Wednesday, March 19, 2014

UNHAPPINESS

I read recently a fan post trying to explain why people who were unhappy with LOST's ending. The poster said the reason was that those fans were unhappy in their own lives.

I disagree. It is disconnected conclusion. Even if fans were unhappy in their personal lives, they use entertainment like LOST as a means to escape their dreary lives. Fans who invested a great deal of time and energy in the complex story lines were promised and then expected a grand finale. If fans were disappointed by the ending, it was not because it mirrored their own personal lives. Quite to the contrary, LOST was supposed to fulfill happiness in them.

The disjointed "happy ending" that many fans enjoyed for the main characters is a throwback to some cultures were stories have to have a happy ending. Fairy tales are a good example. But dramas are not fairy tales unless things get mixed up along the way.

CHANGE: Don't just talk about it, go out there and do it. Don't just meditate about it, go out there and create it. Don't just pray about it go out there and take action; participate in the answering of your own prayer. If you want change, get out there and live it. — Steve Maraboli

Why LOST so drastically changed course on itself is a mystery. It was not answered at the 10th Anniversary Reunion or any subsequent interviews. 

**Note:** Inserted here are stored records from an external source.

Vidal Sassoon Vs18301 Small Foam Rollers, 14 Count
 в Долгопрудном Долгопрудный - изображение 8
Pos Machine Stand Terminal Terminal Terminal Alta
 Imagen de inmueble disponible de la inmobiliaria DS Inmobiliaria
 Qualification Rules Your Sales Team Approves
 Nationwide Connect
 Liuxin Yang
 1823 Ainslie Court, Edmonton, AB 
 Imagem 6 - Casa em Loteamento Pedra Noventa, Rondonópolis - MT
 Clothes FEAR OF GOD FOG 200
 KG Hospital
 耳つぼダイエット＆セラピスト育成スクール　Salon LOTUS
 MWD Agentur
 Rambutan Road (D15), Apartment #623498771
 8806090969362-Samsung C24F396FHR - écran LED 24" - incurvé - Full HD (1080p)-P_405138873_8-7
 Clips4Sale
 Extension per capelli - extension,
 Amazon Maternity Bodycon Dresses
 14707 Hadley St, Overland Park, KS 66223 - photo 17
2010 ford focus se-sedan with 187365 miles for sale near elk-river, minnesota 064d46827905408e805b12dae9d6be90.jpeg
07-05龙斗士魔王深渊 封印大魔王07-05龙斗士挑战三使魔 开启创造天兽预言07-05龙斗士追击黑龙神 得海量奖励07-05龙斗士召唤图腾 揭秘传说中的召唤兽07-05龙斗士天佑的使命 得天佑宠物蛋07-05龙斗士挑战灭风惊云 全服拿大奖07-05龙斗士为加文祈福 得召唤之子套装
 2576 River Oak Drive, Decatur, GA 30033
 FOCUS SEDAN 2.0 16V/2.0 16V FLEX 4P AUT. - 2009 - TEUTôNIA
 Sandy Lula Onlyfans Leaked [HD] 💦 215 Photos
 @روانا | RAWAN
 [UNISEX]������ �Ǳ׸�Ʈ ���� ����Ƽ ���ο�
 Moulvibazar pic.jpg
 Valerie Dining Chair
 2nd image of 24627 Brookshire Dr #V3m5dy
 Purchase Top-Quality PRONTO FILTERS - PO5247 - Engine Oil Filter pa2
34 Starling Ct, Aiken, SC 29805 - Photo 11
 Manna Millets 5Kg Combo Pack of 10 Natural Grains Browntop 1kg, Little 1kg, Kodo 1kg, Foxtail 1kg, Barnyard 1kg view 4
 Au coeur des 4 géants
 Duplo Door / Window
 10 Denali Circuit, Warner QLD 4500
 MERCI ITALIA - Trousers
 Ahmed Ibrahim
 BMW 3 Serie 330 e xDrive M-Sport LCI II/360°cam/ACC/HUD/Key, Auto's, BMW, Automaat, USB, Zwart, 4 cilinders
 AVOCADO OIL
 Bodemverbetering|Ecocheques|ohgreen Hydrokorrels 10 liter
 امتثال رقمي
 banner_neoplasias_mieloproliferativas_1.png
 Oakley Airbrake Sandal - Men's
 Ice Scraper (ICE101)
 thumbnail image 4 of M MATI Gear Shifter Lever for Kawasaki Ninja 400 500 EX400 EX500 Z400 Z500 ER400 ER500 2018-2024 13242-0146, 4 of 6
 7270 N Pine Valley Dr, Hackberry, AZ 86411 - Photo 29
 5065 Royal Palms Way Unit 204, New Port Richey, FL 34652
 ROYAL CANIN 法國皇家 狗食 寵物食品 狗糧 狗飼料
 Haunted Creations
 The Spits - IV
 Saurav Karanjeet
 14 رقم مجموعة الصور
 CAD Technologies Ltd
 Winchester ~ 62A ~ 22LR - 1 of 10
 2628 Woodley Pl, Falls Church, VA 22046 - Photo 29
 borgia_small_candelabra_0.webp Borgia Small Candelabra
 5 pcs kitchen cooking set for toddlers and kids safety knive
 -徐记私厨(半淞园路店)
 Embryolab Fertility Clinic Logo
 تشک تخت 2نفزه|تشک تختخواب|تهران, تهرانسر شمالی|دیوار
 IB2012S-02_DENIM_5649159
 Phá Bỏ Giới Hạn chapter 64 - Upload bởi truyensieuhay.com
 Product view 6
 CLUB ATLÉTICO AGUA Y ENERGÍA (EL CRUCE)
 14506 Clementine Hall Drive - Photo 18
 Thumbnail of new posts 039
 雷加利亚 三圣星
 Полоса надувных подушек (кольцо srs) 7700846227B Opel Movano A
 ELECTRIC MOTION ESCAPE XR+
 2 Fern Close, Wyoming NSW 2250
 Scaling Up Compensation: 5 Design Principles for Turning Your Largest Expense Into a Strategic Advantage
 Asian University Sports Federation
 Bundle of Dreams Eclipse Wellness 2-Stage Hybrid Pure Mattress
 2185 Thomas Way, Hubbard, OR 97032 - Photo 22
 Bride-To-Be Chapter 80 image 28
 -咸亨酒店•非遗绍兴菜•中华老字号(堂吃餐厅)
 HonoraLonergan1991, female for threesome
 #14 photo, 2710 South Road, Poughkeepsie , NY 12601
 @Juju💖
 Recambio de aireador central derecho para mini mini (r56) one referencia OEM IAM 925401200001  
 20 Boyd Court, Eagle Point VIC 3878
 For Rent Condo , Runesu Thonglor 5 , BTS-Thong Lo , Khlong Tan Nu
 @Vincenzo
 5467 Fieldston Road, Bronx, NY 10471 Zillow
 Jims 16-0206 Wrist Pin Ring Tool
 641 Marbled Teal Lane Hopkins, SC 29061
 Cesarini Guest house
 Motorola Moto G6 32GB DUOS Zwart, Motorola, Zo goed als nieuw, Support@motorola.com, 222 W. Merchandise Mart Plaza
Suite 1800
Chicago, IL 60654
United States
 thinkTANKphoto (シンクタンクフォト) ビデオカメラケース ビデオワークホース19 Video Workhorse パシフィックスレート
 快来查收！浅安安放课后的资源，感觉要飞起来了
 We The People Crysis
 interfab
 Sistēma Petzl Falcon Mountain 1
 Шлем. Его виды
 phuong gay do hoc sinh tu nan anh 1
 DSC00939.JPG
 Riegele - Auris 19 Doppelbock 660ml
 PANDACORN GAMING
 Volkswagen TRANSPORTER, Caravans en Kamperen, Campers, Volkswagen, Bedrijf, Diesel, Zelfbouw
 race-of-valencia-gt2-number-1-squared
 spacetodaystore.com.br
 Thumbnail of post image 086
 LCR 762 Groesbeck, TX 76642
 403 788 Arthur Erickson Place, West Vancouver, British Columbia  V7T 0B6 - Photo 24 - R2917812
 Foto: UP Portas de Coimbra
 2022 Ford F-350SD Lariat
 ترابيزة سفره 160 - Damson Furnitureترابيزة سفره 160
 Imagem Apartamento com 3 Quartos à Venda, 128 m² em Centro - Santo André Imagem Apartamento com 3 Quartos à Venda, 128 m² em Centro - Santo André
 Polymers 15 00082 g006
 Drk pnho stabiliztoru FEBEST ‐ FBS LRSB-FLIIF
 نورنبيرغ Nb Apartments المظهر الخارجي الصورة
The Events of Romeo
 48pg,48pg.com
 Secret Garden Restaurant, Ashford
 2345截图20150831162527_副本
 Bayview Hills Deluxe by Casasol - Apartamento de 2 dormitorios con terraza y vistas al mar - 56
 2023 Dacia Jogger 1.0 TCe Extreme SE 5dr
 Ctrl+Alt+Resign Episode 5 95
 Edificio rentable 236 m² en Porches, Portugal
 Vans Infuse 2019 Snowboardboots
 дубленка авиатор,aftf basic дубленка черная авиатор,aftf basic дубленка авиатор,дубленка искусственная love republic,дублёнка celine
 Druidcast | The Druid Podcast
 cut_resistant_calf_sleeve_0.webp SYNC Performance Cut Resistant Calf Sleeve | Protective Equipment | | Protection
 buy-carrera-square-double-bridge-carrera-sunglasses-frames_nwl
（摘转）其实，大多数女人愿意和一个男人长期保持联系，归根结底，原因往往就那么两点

We have discussed a theme of change before in reviewing LOST. One could find unhappiness in all of the main characters:

Jack: unhappy with his personal life to blame his father for everything wrong with it.
Hurley: unhappy with his personal life to blame his father's abandonment for his situation.
Locke: unhappy with his personal life to blame his father for betraying and stealing from him.
Claire: unhappy with her pregnancy because she came from a one parent home and can't handle responsibility.
Charlie: unhappy with his personal life because his band was his family unit when it broke up.
Kate: unhappy with her personal life because her mother loved an abused man more than her.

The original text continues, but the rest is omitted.